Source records
/---
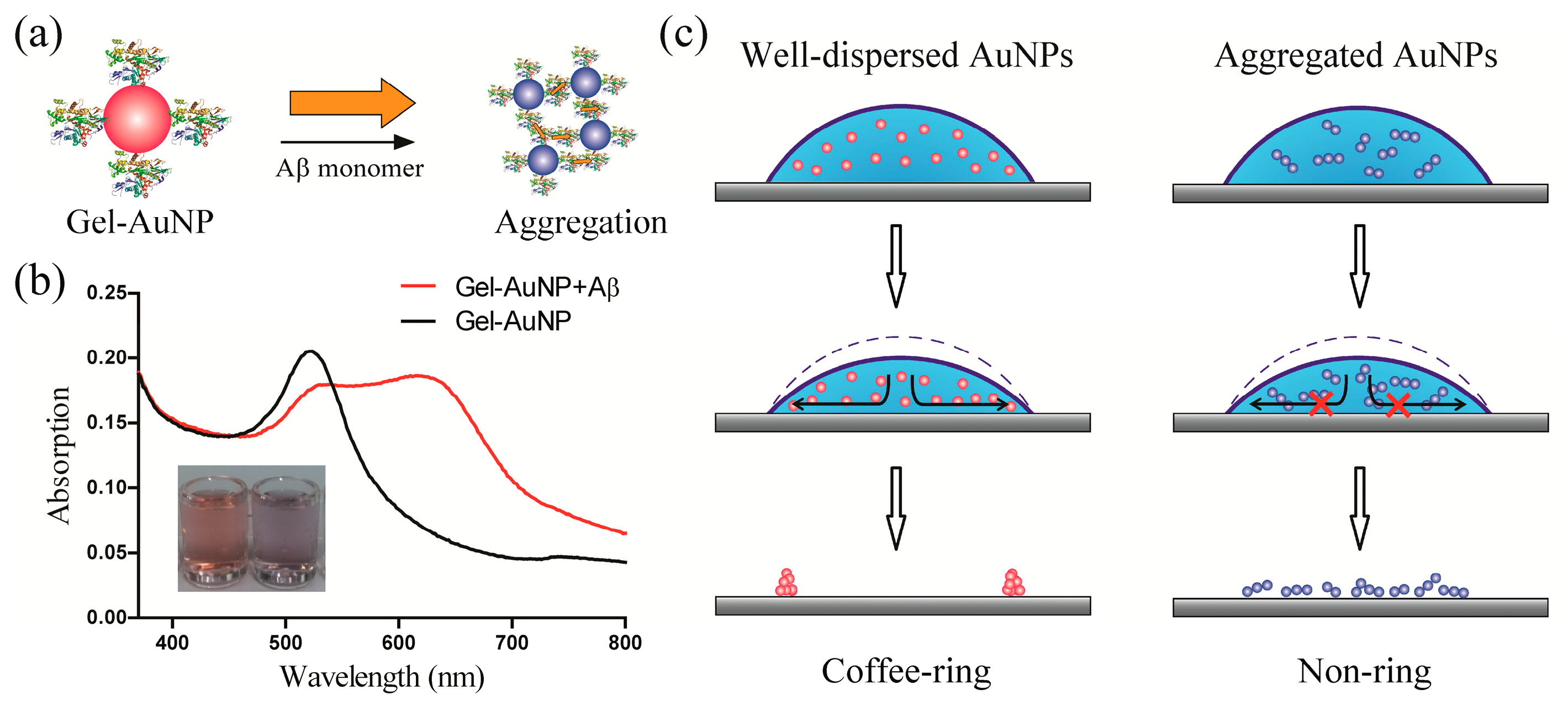 Biomimetics 08 00581 g001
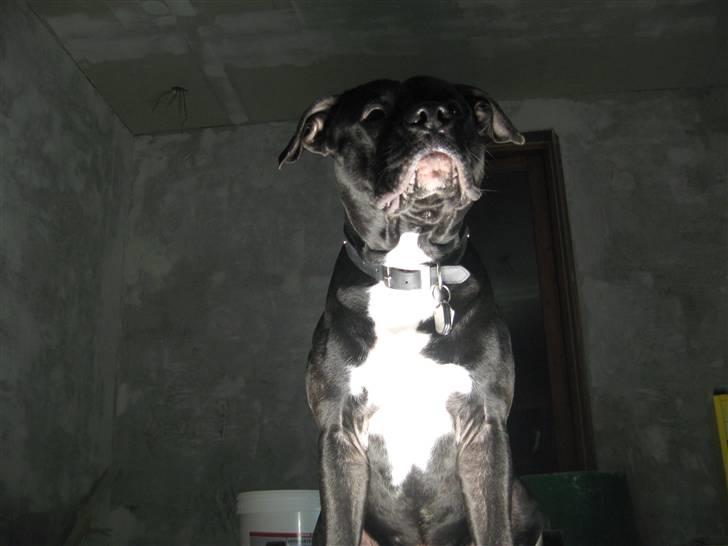 Amerikansk staffordshire terrier ZEUS - sidder lige mellem varmeblæseren og arbejdslampen.. dejlig varmt.. billede 6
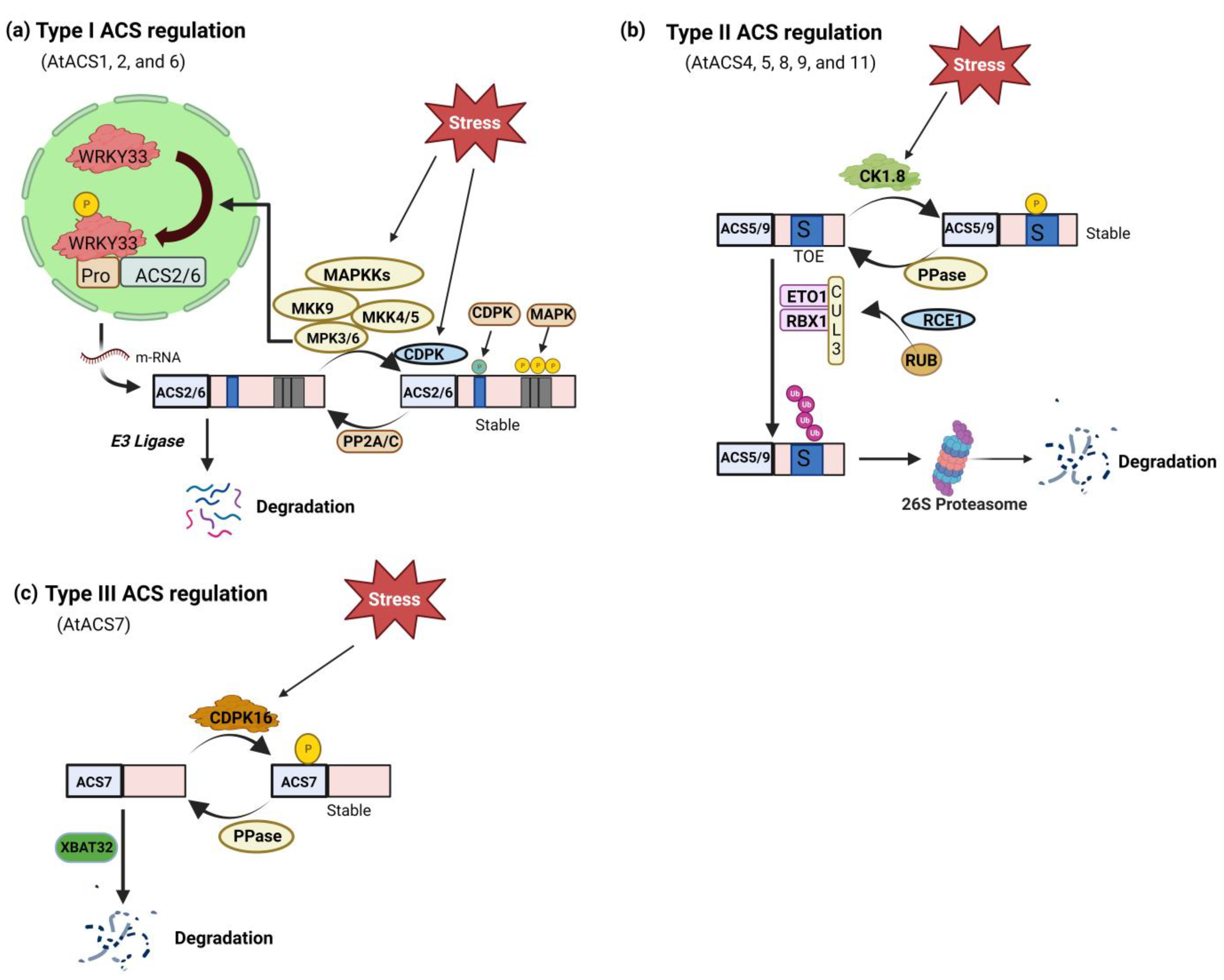 Biomolecules 14 00090 g002 Biomolecules 14 00090 g002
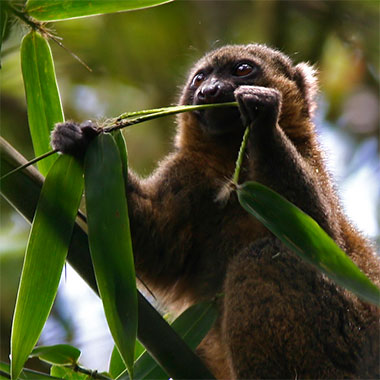 Goldener Halbmaki (Hapalemur aureus) - biologie-seite.de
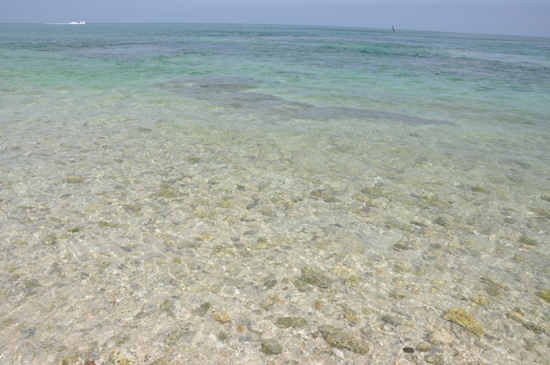 晴れました竹富島_e0171573_225815.jpg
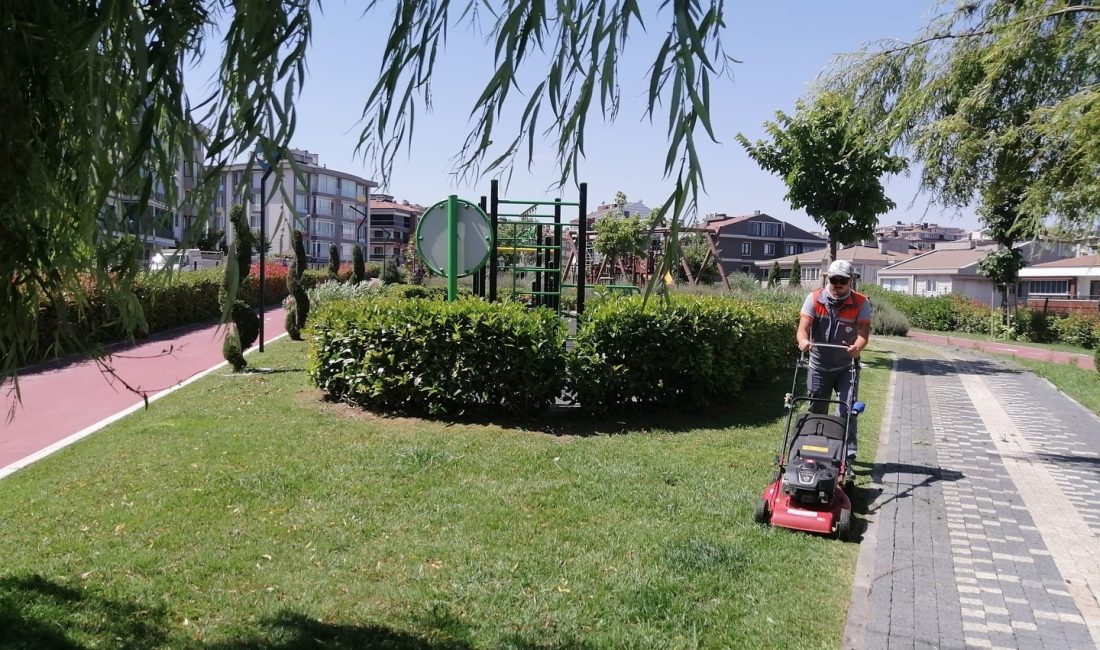 Bandırma’da yeşil alan seferberliği Bandırma Belediyesi tarafından yürütülen çalışmalar kapsamında yeşillik alanlarda bakım ve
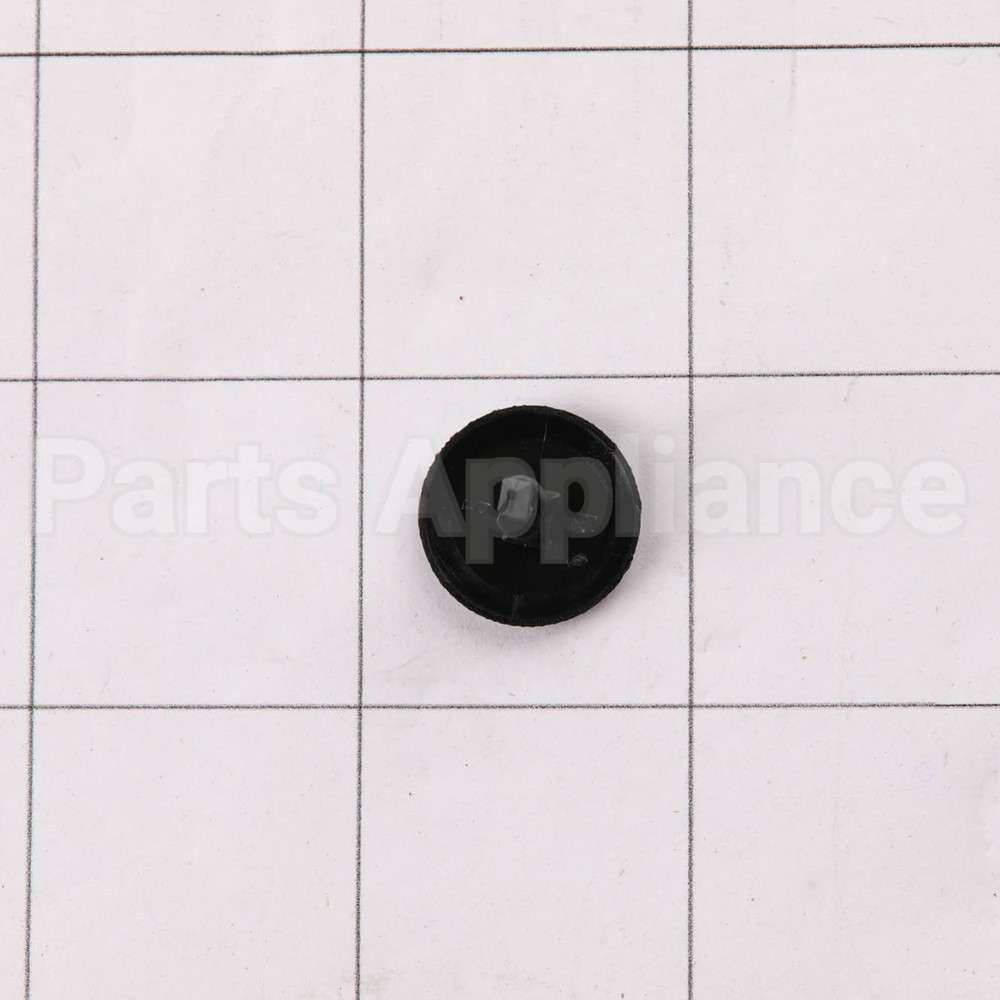 WR02X21195 GE Plug Door Rvsbl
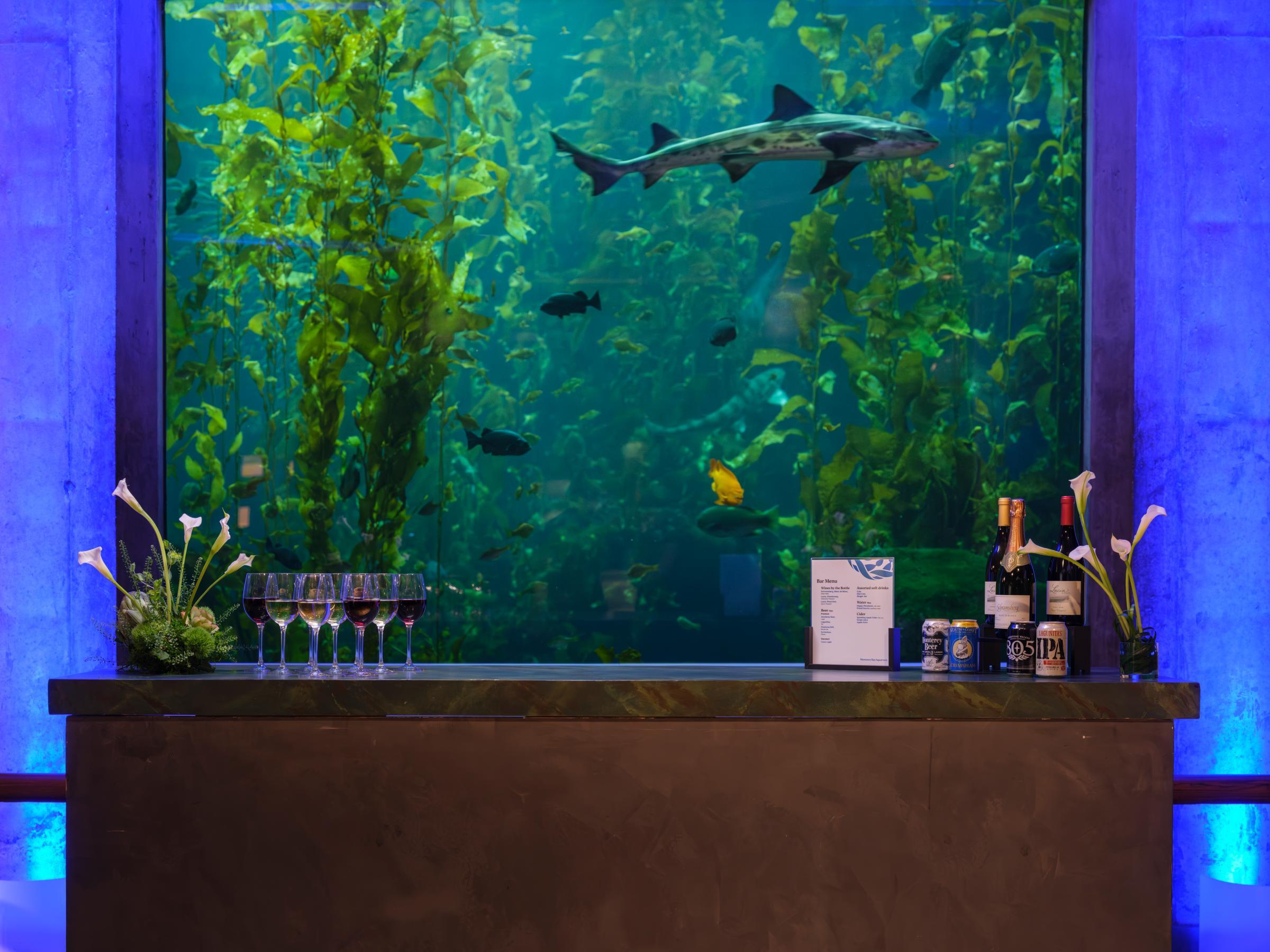 An empty bar counter set with a drink menu and various beverage options in front of a window looking into the Aquarium's Kelp Forest exhibit where a leopard shark and several fish swim through the thriving kelp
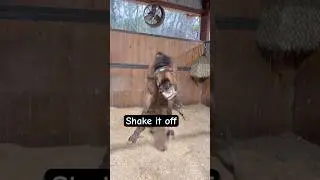 Horses shake just like dogs do 😂 #horse #equestrian #pony #slomo #shake #shorts #funnyanimal #mane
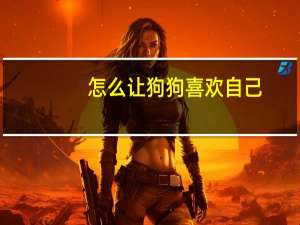 怎么让狗狗喜欢自己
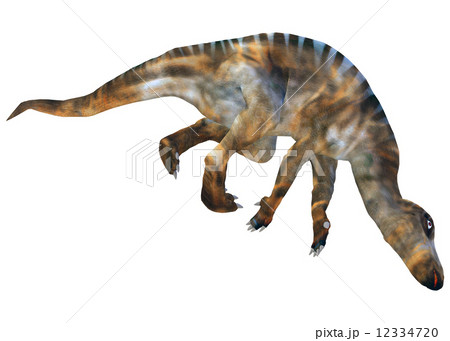 イグアノドン☆Iguanodon 12334720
\---
WHAT THE TASK ASKS
What you return should be the entries from above, unchanged and without their images.

TASK OUTPUT
 Biomimetics 08 00581 g001
 Amerikansk staffordshire terrier ZEUS - sidder lige mellem varmeblæseren og arbejdslampen.. dejlig varmt.. billede 6
 Biomolecules 14 00090 g002 Biomolecules 14 00090 g002
 Goldener Halbmaki (Hapalemur aureus) - biologie-seite.de
 晴れました竹富島_e0171573_225815.jpg
 Bandırma’da yeşil alan seferberliği Bandırma Belediyesi tarafından yürütülen çalışmalar kapsamında yeşillik alanlarda bakım ve
 WR02X21195 GE Plug Door Rvsbl
 An empty bar counter set with a drink menu and various beverage options in front of a window looking into the Aquarium's Kelp Forest exhibit where a leopard shark and several fish swim through the thriving kelp
 Horses shake just like dogs do 😂 #horse #equestrian #pony #slomo #shake #shorts #funnyanimal #mane
 怎么让狗狗喜欢自己
 イグアノドン☆Iguanodon 12334720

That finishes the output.